Getting the opportunity to explore the plant on the computer via the website set up at https://eavor.com/eavor-lite-virtual-tour gives you a good idea, but exploring the model on Oculus virtual reality goggles really makes this an exciting and educational experience.
Within the system you are guided by tour guide Jen, alongside Eavor’s Lead Engineer, Bailey Schwarz, and Chief Technology Officer Matt Toews. Around different locations, they give you an. Increased understanding of Eavor and its gain-changing technology. Walking into the plant, alongside the pipes, stepping into the operating room really is an experience.

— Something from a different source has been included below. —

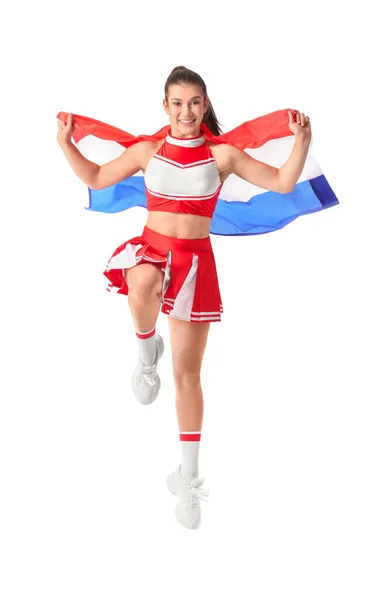 Cheerleader Indah Dengan Bendera Latar Belakang Putih — Stok Foto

During the simulation, one can explore the 3D reconstruction of the Eavor-Lite (TM) demonstration project and move around while interacting with specified objects to learn more from the company’s lead engineer and the CTO.Behind the building you will actually find a table with “Eavor”-rings … try to throw them towards a post nearby for a little fun.
So while the company describes this tool to save costs it would incur from staff tied up conducting tours, the travel, and everything related with flights, hotels, this virtual reality tour is much more and allows gaining a great insight into the company’s technology.
Apart from giving me an excuse to get an Oculus Virtual Reality headset, I am absolutely hooked and hope more companies like Eavor Technologies will allow exploring their plants in a virtual reality environment. It clearly sets the bar high to help promote not only specific technological developments such as the Eavor-Loop (TM) by Eavor Technologies, but also maybe how we derive and can utilise geothermal energy today both for power generation and in the use of heat.